The sugar plantation in India and Indonesia, Industrial Production, 1770-2010

11 June 2018 - 22:46

Bosma, U., The sugar plantation in India and Indonesia, Industrial Production, 1770-2010 (CUP 2013).

'The Sugar Plantation in India and Indonesia; Industrial Production, 1770–2010', the latest book of IISH staff member and professor of 'International Comparative Social History' at Amsterdam Free University Ulbe Bosma, was released by Cambridge University Press.

In this book, Ulbe Bosma details how the British and Dutch introduced the Caribbean sugar plantation model in Asia and refashioned it over time. Until abolitionist campaigns began around 1800, European markets had almost exclusively relied on Caribbean sugar produced by slave labour. Thereafter, importing Asian sugar and transferring plantation production to Asia became a serious option for the Western world.
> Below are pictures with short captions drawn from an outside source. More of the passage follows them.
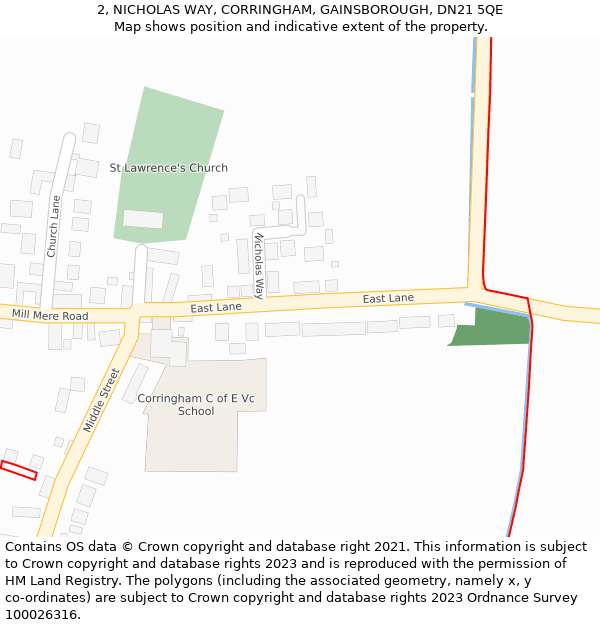 2, NICHOLAS WAY, CORRINGHAM, GAINSBOROUGH, DN21 5QE: Location map and indicative extent of plot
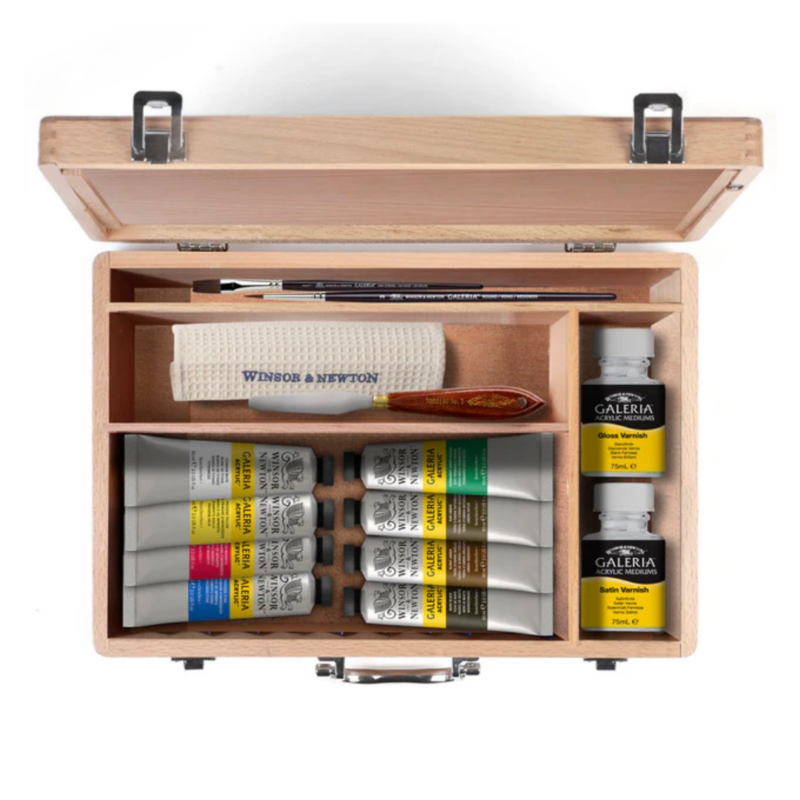 Scatola in legno di colore acrilico Galeria Winsor & Newton 60ml + accessori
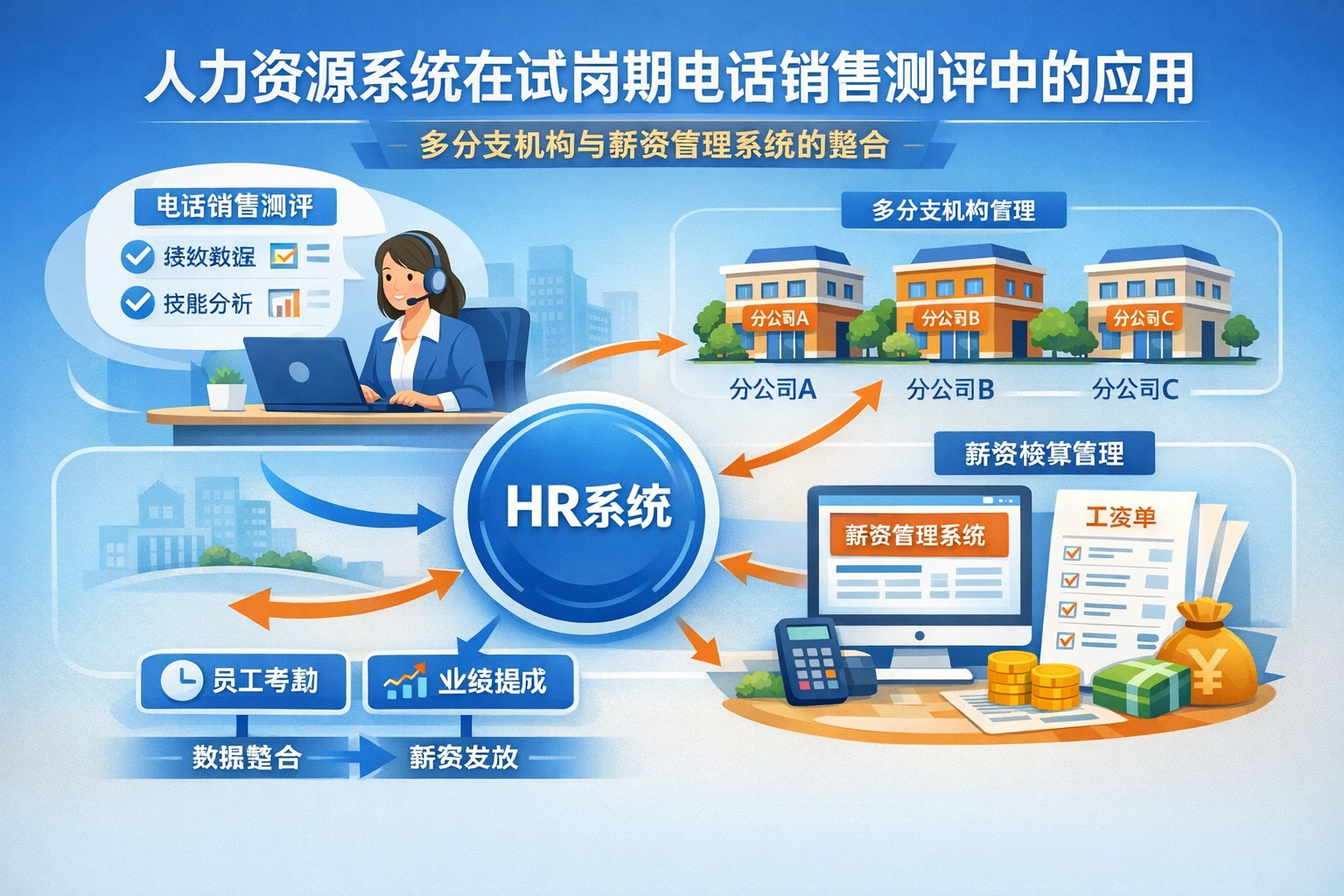 人力资源系统在试岗期电话销售测评中的应用：多分支机构与薪资管理系统的整合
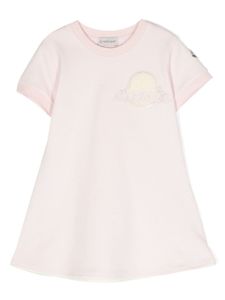 Moncler Enfant robe à logo brodé - Rose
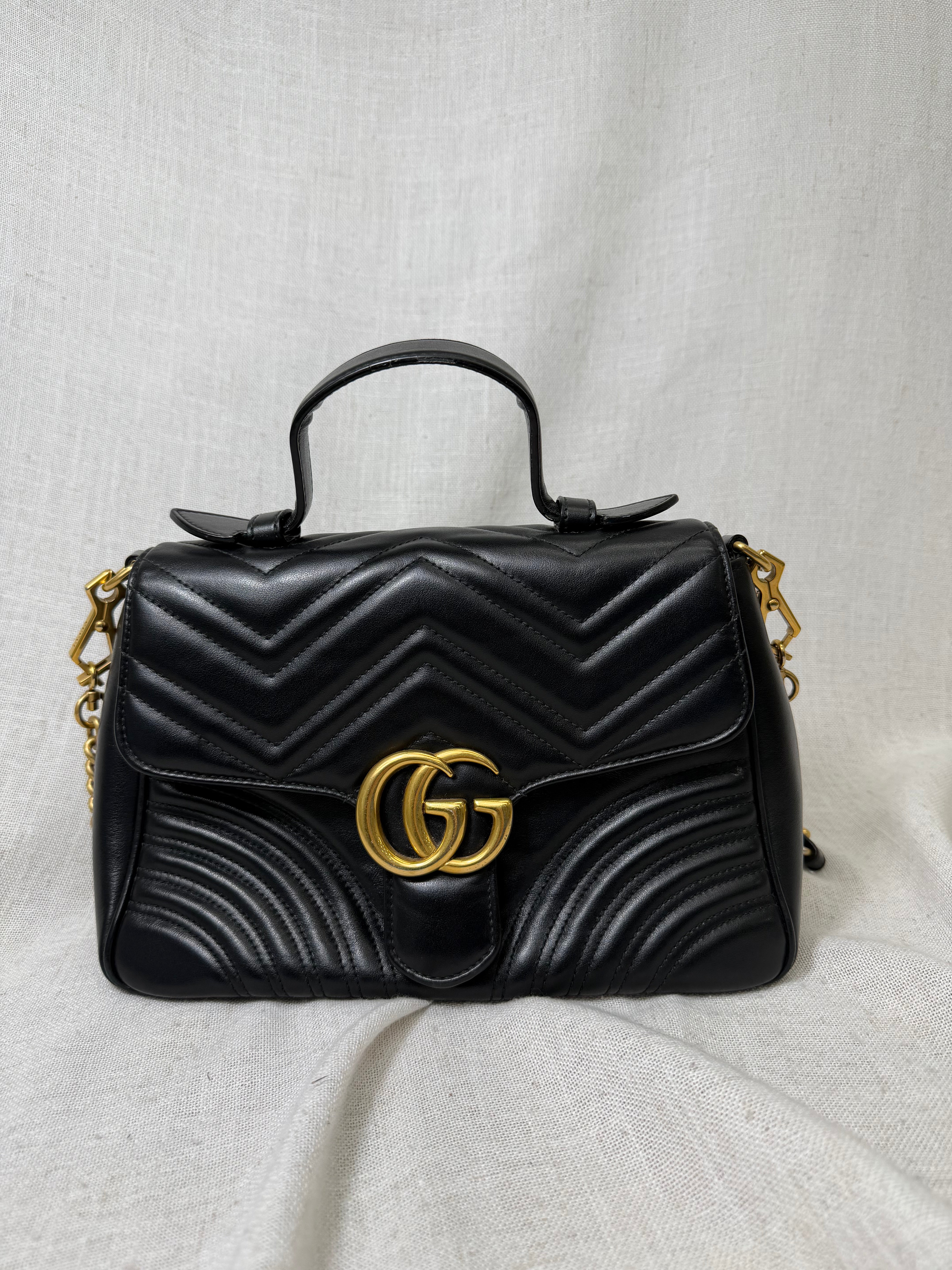 Gucci Black Leather GG Marmont Top Handle Bag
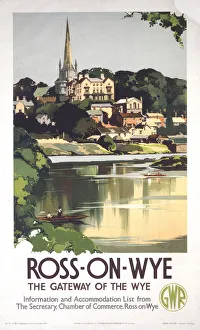 <b class=qtipBold><figcaption>'Ross-on-Wye', GWR poster, 1938</figcaption></b><br>Poster produced for the Great Western Railway (GWR) to promote rail services to Ross-on Wye, Herefordshire. The poster shows a picturesque view of the town from across the river. Artwork by Claude Buckle (1905-1973), who originally trained as an architect but turned to fine art in 1928. He painted in both oil and watercolour and was a prolific poster artist for GWR as well as BR. Much of his original poster artwork is held at the National Railway Museum. Dimensions: 1016 mm x 635 mm. <br><em>© Please read our licence terms. All digital images must be destroyed unless otherwise agreed in writing.</em> 'Ross-on-Wye', GWR poster, 1938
Although initial attempts by British planters in India failed, the Dutch colonial administration was far more successful in Java, where it introduced in 1830 the 'cultuurstelsel', a system of forced cultivation that tied local peasant production to industrial manufacturing.

A century later, India adopted the Javanese model in combination with farmers’ cooperatives rather than employing coercive measures. Cooperatives did not prevent industrial sugar production from exploiting small farmers and cane cutters, however. Bosma finds that much of modern sugar production in Asia resembles the abuses of labour by the old plantation systems of the Caribbean.